= Confederate History Month =

Commemorative month in the Southern United States

Confederate History Month is a month designated by seven state governments in the Southern United States for the purpose of recognizing and honoring the Confederate States of America. April has traditionally been chosen, as Confederate Memorial Day falls during that month in many of these states. The designation of a month as Confederate History Month began in 1994.

== State declarations ==
Although Confederate Memorial Day is a holiday in most Southern states, the tradition of having a Confederate History Month is not uniform. State governments that have regularly declared Confederate History Month are as follows:
- Alabama
- Florida (since 2007)
- Georgia (by proclamation since 1995, by legislative authority since 2009)
- Louisiana
- Mississippi
- Texas (since 1999)
- Virginia (1994–2002, 2010)

Only Mississippi has officially declared April Confederate Heritage Month in 2022, 2023, and 2024.

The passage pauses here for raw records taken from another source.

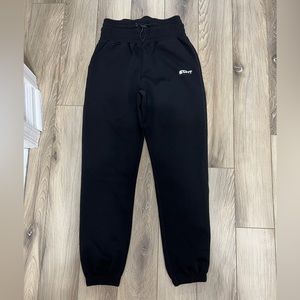 Echt Joggers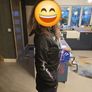 Brand New K-Pop Demon Hunters Hoodies Image 3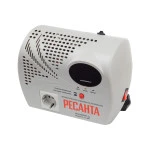 Стабилизатор Ресанта АСН- 500Н1/1-Ц 63/6/9 (50 Гц)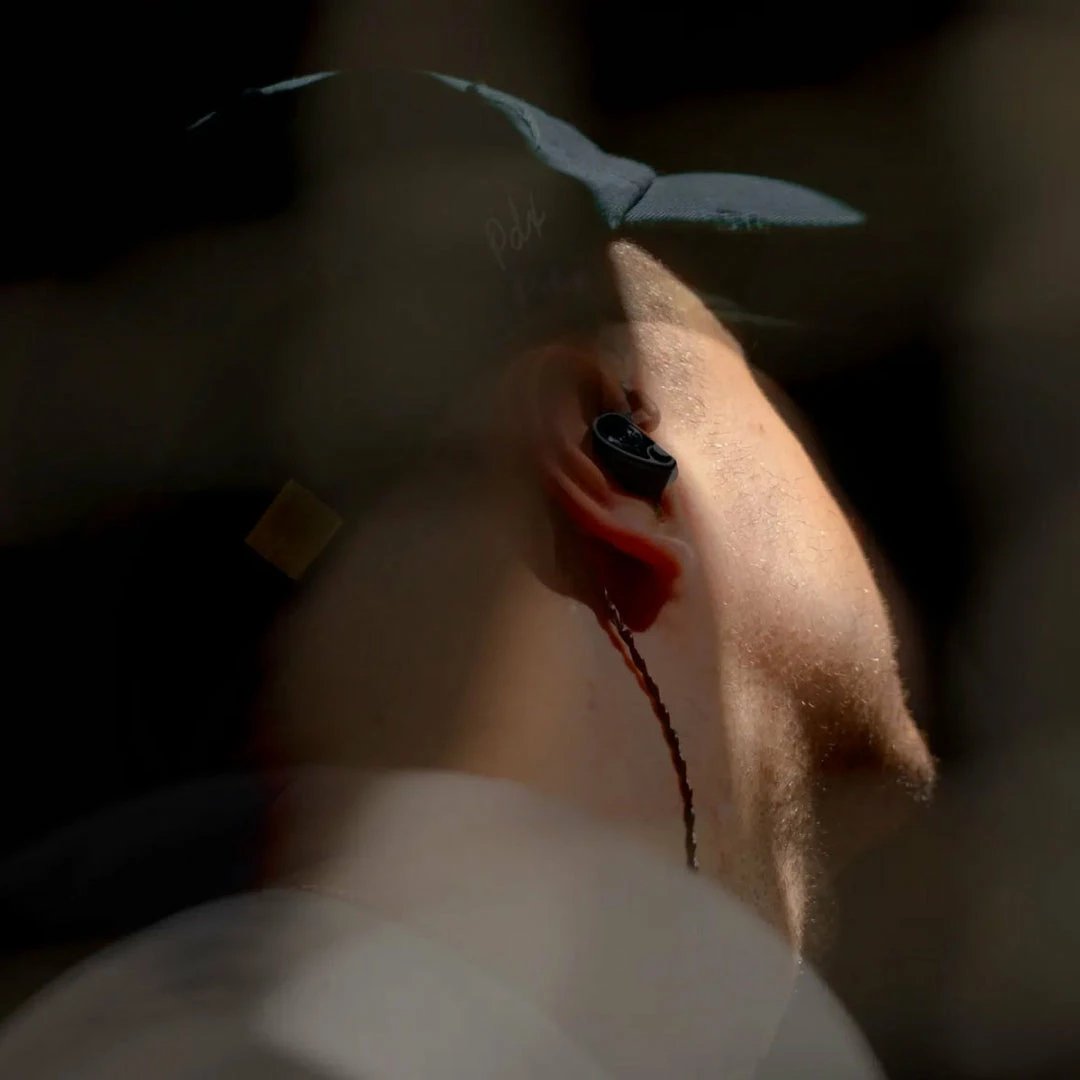 Wholesale ๐ 64 Audio - U6t Flagship IEMS ๐ 25 64 Audio - U6t Flagship IEMS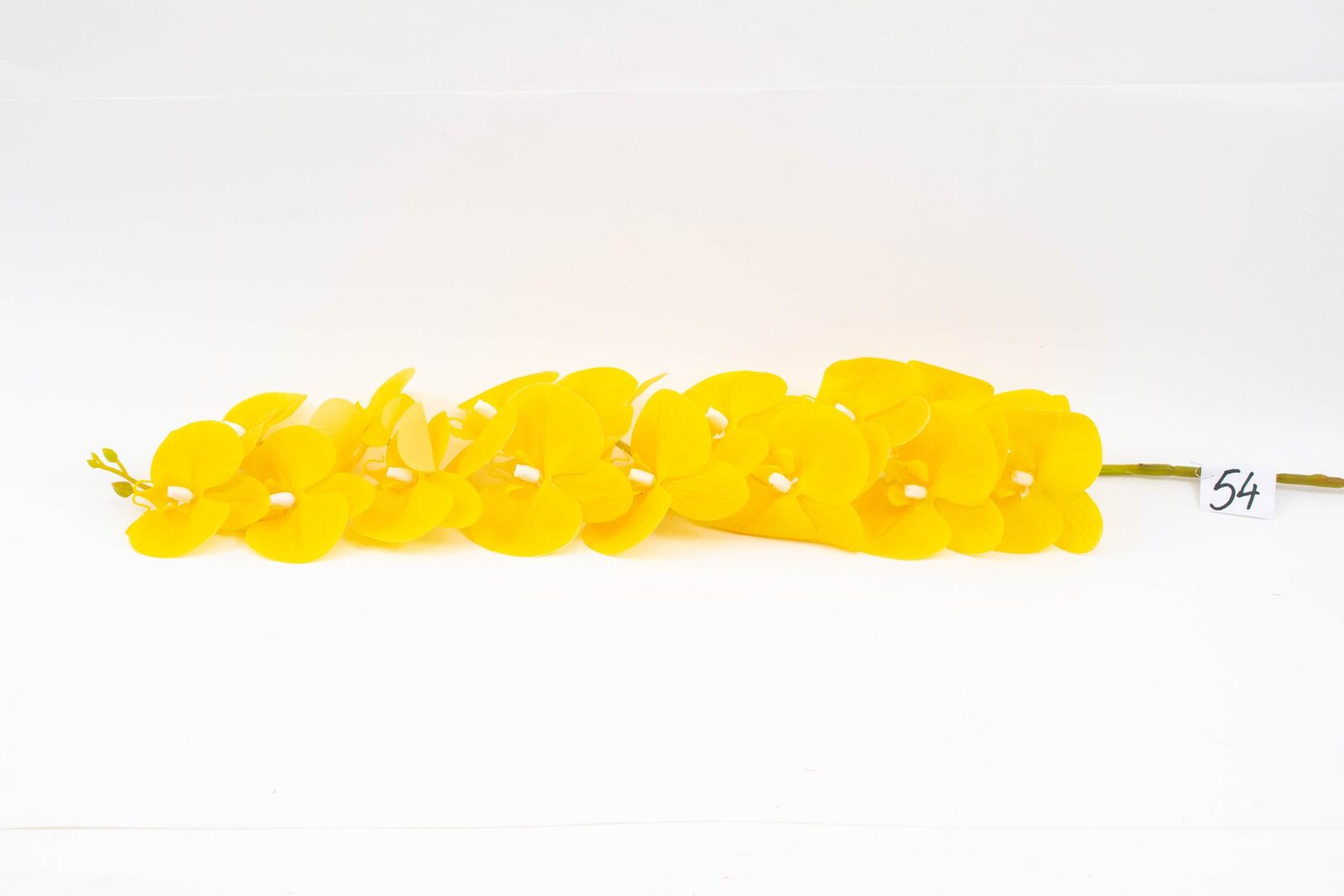 orhidee-artificiala-15-flori-54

In 2022, four states: Alabama and Mississippi (April 25), North Carolina and South Carolina (May 10) celebrated Confederate Memorial Day.

== Controversy ==
The Confederacy lost the Civil War, which occurred when the Southern states seceded from the United States in order to defend the institution of slavery, which fueled the mainly agricultural economies of those states. Confederate History Month and Confederate Memorial Day are thus highly controversial as they are linked to a war, secession, and anti-Black racism.

When Virginia Governor Bob McDonnell issued a proclamation resurrecting Confederate History Month in 2010, controversy arose due to the proclamation's omission of slavery. McDonnell later announced, "The proclamation issued by this Office designating April as Confederate History Month contained a major omission. The failure to include any reference to slavery was a mistake, and for that I apologize to any fellow Virginian who has been offended or disappointed. The abomination of slavery divided our nation, deprived people of their God-given inalienable rights, and led to the Civil War. Slavery was an evil, vicious and inhumane practice which degraded human beings to property, and it has left a stain on the soul of this state and nation." McDonnell has indicated that he will not issue a proclamation in future years. In 2007, the Virginia General Assembly approved a formal statement of "profound regret" for the Commonwealth's history of slavery.

On April 11, 2010, Mississippi Governor Haley Barbour defended McDonnell on CNN's State of the Union, calling the controversy raised by McDonnell's proclamation "just a nit". "It's trying to make a big deal out of something that doesn't matter for diddly," Barbour said.
Unlike the Virginia proclamation, the 2010 Alabama proclamation noted, "our recognition of Confederate history also recognizes that slavery was one of the causes of the war, an issue in the war, was ended by the war and slavery is hereby condemned."